The initiative’s best hope may be that, so far, child care has not been politicized in the way that Obamacare was. Deeply red states like Oklahoma and Tennessee have launched successful, popular pre-K programs. Earlier this year, Michigan’s Republican-controlled legislature agreed with the Democratic governor, Gretchen Whitmer, on a plan tapping federal COVID-19 money to make child care free for 100,000 low-income families.
The Build Back Better initiative also has a backup plan for states that decline to participate. Local governments and agencies running Head Start programs can apply directly for funds in order to run their own programs.
It’s an open question as to how workable the option is. But if some large metro areas with upscale suburbs participated, Republican lawmakers in states like Florida and Texas would have to think twice before letting the program lapse, lest they alienate voters they need to keep their seats.
And there may be a middle ground between dropping the program and renewing it. A future Congress could decide to extend funding while changing the way the federal government distributes it ― by, for example, also offering subsidies to parents who want to stay at home or pay relatives for care. Versions of that idea have come from intellectuals on the right (like Samuel Hammond of the Niskanen Center) and the left (like Bruenig).
In practice, such a scheme could end up resembling systems abroad that combine subsidized child care with policies that allow parents to take paid leave for months or even more than a year.

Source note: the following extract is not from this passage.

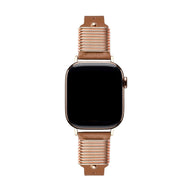 Bracelet pour Apple Watch femme en cuir rose poudré, boucle dorée élégante, effet ressort stylisé.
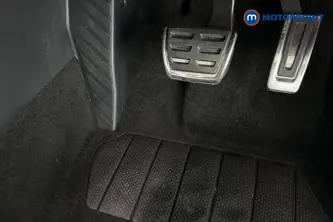 Volkswagen Passat R-Line Automatic Petrol Plug-In Hybrid Estate - Stock Number (1669013) - 24th supplementary image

But any attempt to craft such a policy would quickly run into political complications of its own, like forcing Republicans (and some Democrats) to confront the contradiction between saying that the government should support at-home parents and saying that poor, single mothers have to work if they want benefits. And it would still require a lot of government spending.
That’s always the hard part of politics: figuring out how to translate promising ideas into bills that can actually get through Congress. The process inevitably requires some combination of painful concessions and seemingly inexplicable workarounds, and it inevitably results in flawed legislation. That’s how it’s been for every major expansion of the American welfare state, from the creation of Social Security up through enactment of the Affordable Care Act.
It’s frustrating and sometimes infuriating to watch this play out in real time. It’s also easy to overlook the upside. Despite their inadequacies, those reforms of the past were still historic achievements that helped large swaths of the population. Build Back Better’s child care initiative could have the same effect, literally changing lives for millions of Americans ― but only for as long it lasts.